About this task:
Starting at the line that contains "abstract background made of 3d glass squares" and stopping at the line that contains "US Soldier Hoodie", transcribe every line of the material below exactly; pictures stay out.

Data in this exercise:
== Segment start ==

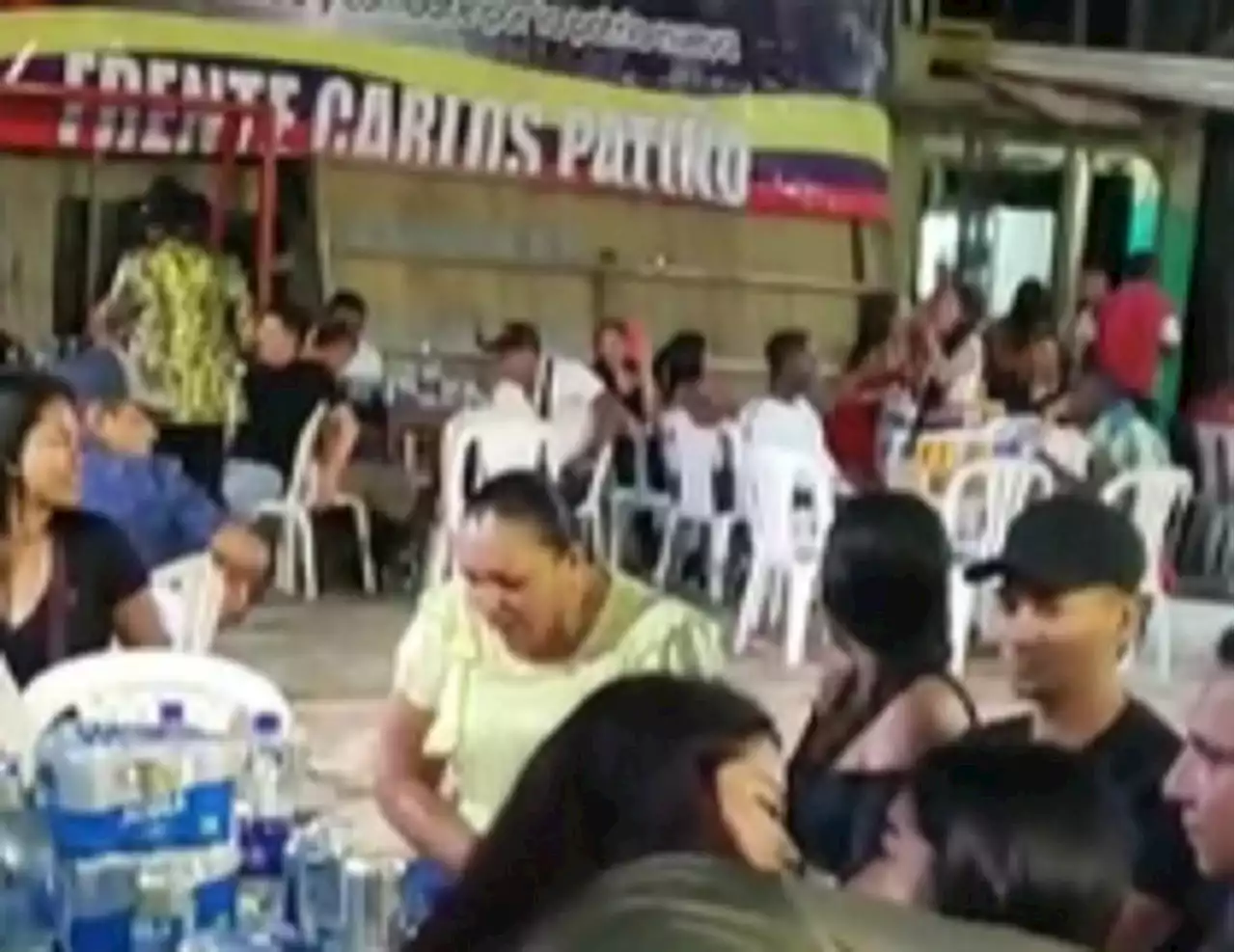 Polémica fiesta de las disidencias de las Farc en El Tambo, Cauca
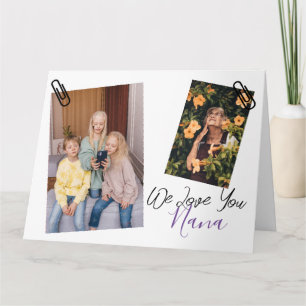 Fröhlicher Muttertag, nana, Oma, einfaches Foto Karte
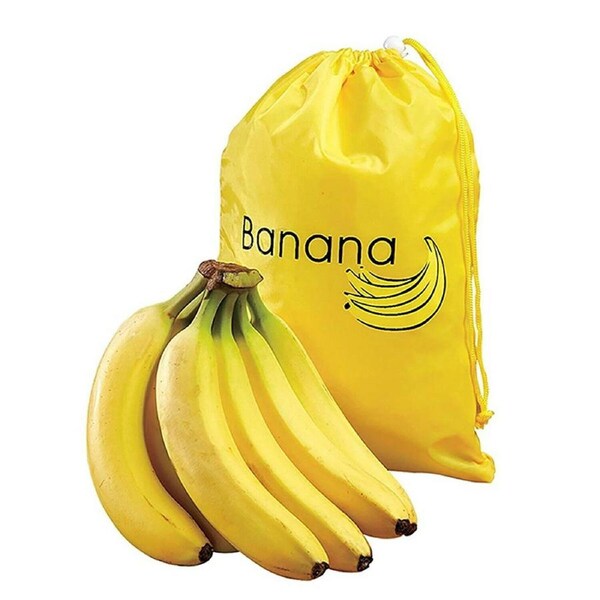 Banana Insulated Bag Food Storage Bag Reusable Banana Storage Bags 38cmx28cm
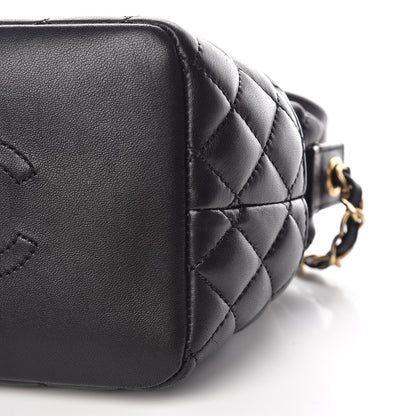 Chanel Lambskin Quilted Hobo Black 10 of 10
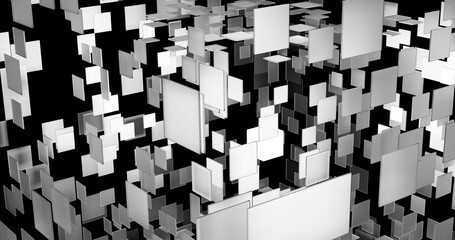 abstract background made of 3d glass squares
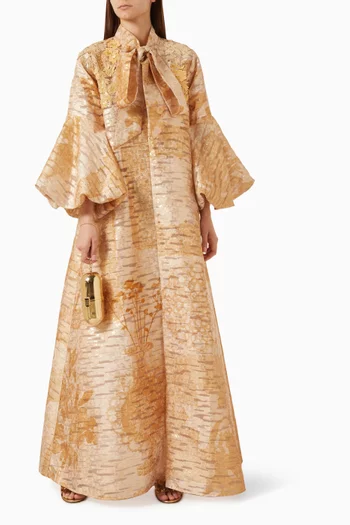Embellished Dress in Organza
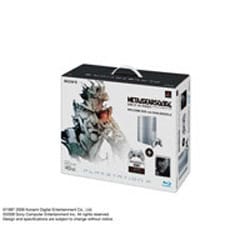 PLAYSTATION3 METAL GEAR SOLID 4 GUNS OF THE PATRIOTS WELCOME BOX with DUALSHOCK3 サテン・シルバー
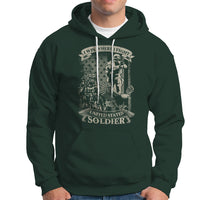 US Soldier Hoodie I Win Where I Fight US Soldier Patriotic Bald Eagle - Wonder Print Shop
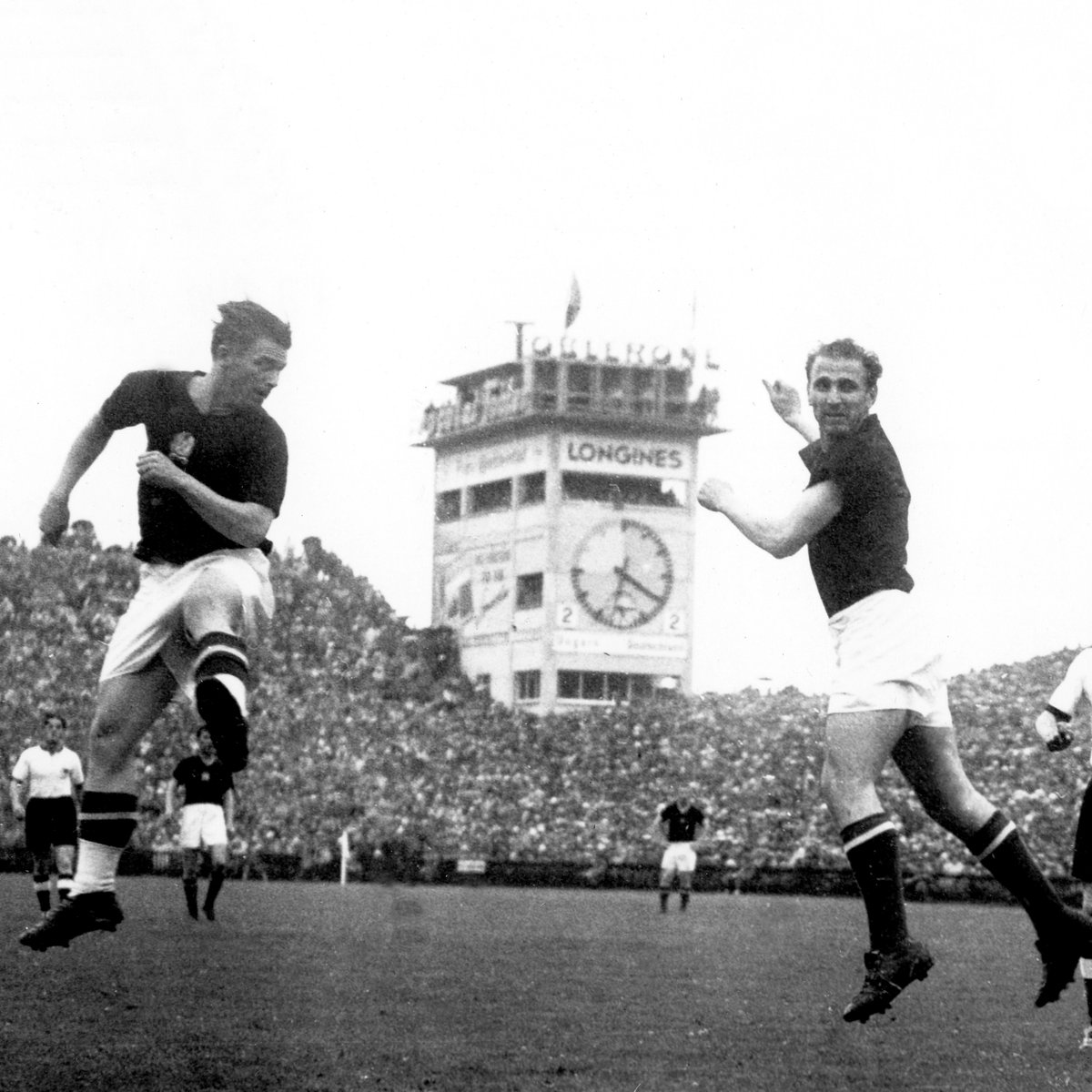 🏟️ One of the greatest upsets in @FIFAWorldCup Final history took place at the iconic Wankdorf Stadium in Berne 🇨🇭, where West Germany claimed their first World Cup victory in 1954 against favourites Hungary in the #MiracleOfBern 🏆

== Segment end ==

Solution for this exercise:
 abstract background made of 3d glass squares
Embellished Dress in Organza
 PLAYSTATION3 METAL GEAR SOLID 4 GUNS OF THE PATRIOTS WELCOME BOX with DUALSHOCK3 サテン・シルバー
 US Soldier Hoodie I Win Where I Fight US Soldier Patriotic Bald Eagle - Wonder Print Shop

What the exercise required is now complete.